Annotated Bibliography 2

The Editorial Board. “The Architecture of Segregation.” The New York Times. The New York Times, 05 Sept. 2015. Web. 05 Feb. 2016. 
This article written in The New York Times gives the reader a perspective on the Department of Housing and Urban Development and the Fair Housing Act of 1968. Its main emphasis focus’s on how poor and low income families are trapped in a vicious cycle. They grow up in bad neighborhoods with mediocre healthcare and school systems. Proper schooling is essential for the ability to obtain a decent job which then in turn gives the ability to move up in economic classes and out of poor neighborhoods. The Department of Housing and Urban Development subsidizes homes for lower income families purposely in low income undesirable parts of towns with no jobs. This current system traps those who are poor with the inability to ever get out.

Annotated Bibliography 1

 

Daskalova, Diliana, and Aleksandar D. Slaev. “Diversity In The Suburbs: Socio-Spatial Segregation And Mix In Post-Socialist Sofia.” Habitat International 50.(2015): 42-50. ScienceDirect. Web. 4 Feb. 2016.

The academic journal examines the city of Sofia in Bulgaria. Daskalova discusses how the lower income residents are beginning to reside further into the city because of being closer to potential jobs. This same theory is prevalent in America also.
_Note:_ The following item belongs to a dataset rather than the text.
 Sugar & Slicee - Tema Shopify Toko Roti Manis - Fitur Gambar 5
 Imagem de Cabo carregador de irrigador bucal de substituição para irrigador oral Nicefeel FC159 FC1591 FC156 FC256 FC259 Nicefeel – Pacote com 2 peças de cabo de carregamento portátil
The higher income citizens are now moving out away from the city as a result of the poor people coming in. Higher income people are taking over the now rural poor surroundings of the city forcing the poor out by raising property values. The article suggests that this trend will continue and an almost complete segregation of lower and higher income people may happen in Sofia if the suburbanization doesn’t end.